So - we are stuck with buying from the feed store.

One of our friends who got ripped off buying hay from out of state that never showed up finally found a hay guy that could get a truckload of hay to her. They hay is decent bermuda grass hay, but she is paying well over 300/ton for the hay, if you factor in delivery. If you consider that she already shelled out $3,500 (not counting delivery) for a load of hay that never showed up, the hay she got was even higher!
     
    10-22-2011, 01:51 AM
  #23
Weanling
Wow. I was ready to be shocked about the way everything has gone up in the 5 years since I've had horses before getting the two brats that I have in the yard now, but after seeing this thread I am just going to count my blessings.

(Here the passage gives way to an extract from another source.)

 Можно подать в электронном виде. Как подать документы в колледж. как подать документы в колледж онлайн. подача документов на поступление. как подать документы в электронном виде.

I am getting good round bales, clean hay, 4x5 1000 for $20 a bale and decent, clean though not magnificent, square bales for $3 a bale. It's fescue and orchard grass mix. I'm going to keep my fingers crossed that everything levels out for everyone soon.
     
    10-22-2011, 02:09 AM
  #24
Started
That's insane. I am in the same area as you and feel very lucky to have "connections". I just bought 100 square bales from my uncle for $5/bale, and its decent hay. We also have access to pretty nice round bales for like $35/bale, which is AWESOME. Feeding only one horse makes it easier as well.

Problem is, pelleted feed has gone up. Purina has gone up about $3 every time I go into TSC. I'm not even going to get into alfalfa/timothy pellets and beet pulp :/
     
    10-22-2011, 04:52 PM
  #25
dee
Started
Quote:
Originally Posted by Eliz    
That's insane. I am in the same area as you and feel very lucky to have "connections". I just bought 100 square bales from my uncle for $5/bale, and its decent hay. We also have access to pretty nice round bales for like $35/bale, which is AWESOME. Feeding only one horse makes it easier as well.

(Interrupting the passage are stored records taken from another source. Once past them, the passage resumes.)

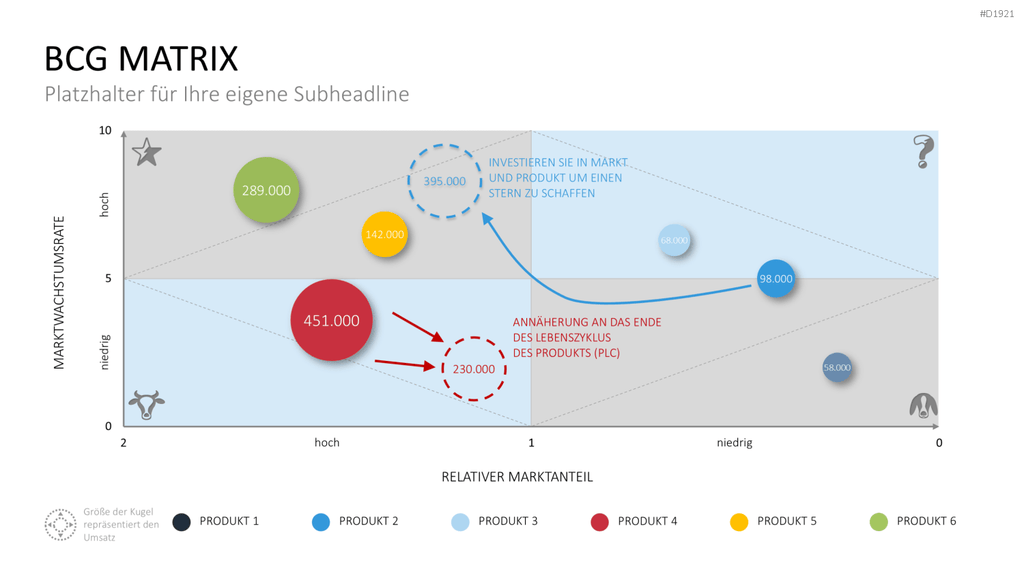BCG-Matrix PowerPoint-Vorlage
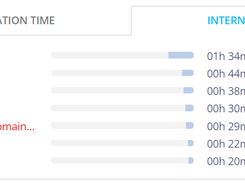 Review unproductive websites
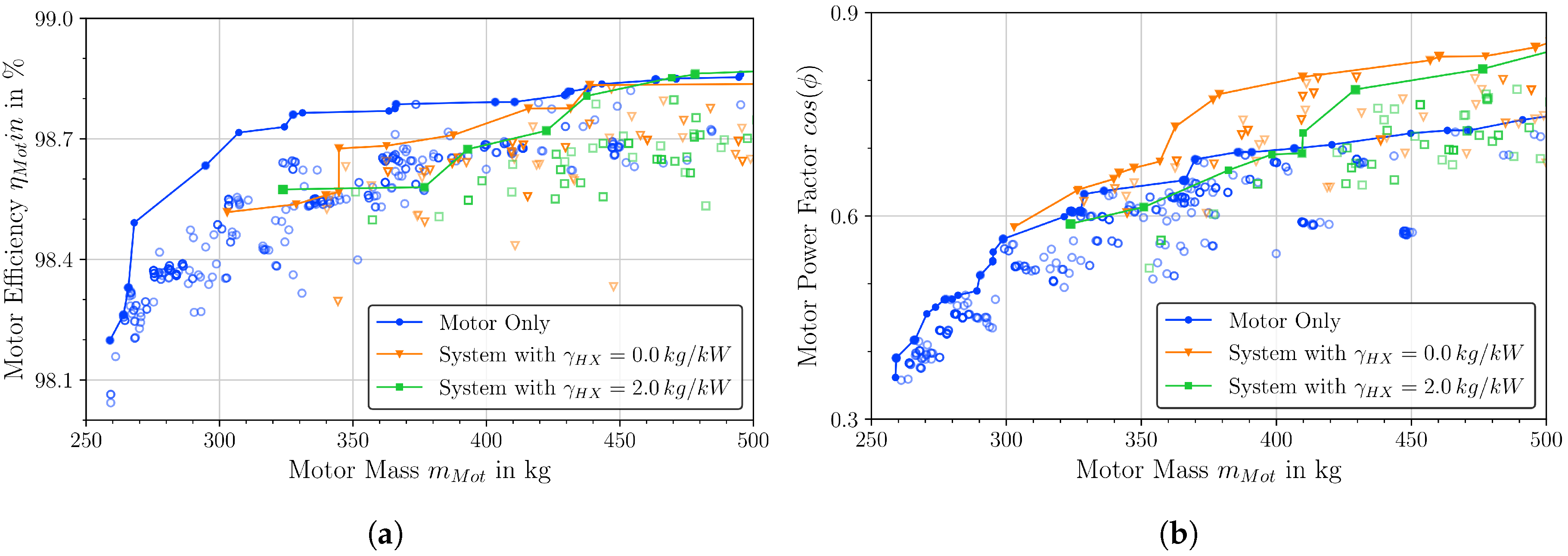 Aerospace 07 00107 g020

Problem is, pelleted feed has gone up. Purina has gone up about $3 every time I go into TSC. I'm not even going to get into alfalfa/timothy pellets and beet pulp :/
Eliz - you are up near Tulsa, in NE Oklahoma. Your area has had a LOT more rain than mine...

Here in Central Oklahoma, we are in such an exceptional drought that some of our neighbors' water wells have gone dry - they are having to truck water in! (Fortunately, we don't seem to have that problem - must be tapped into a different aquifer)

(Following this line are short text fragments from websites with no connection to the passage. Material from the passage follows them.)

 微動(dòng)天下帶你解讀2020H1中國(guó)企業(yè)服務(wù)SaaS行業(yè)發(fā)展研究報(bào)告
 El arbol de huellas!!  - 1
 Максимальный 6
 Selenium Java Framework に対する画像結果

Hay scams are rampant, and some of them are even legal. It is not illegal to advertise that you have horse quality hay for $100/bale. In reality, it's smallish round bales of right of way hay - full of trash and heaven knows what.

I hate to think what it's like in Texas, where the drought is even worse!

I
     
    10-22-2011, 06:12 PM
  #26
Green Broke
I feel for you with rising prices, but American hay can be so cheap! I'm Australian and there was a time a few years back where we were paying $20+ for a bale of lucerne hay. "Meadow" hay was a couple of dollars cheaper generally, sometimes same price. Not sure on the weight, but it was maybe 40x40x100cm, not good at measuring. What are the standard sizes of American hay?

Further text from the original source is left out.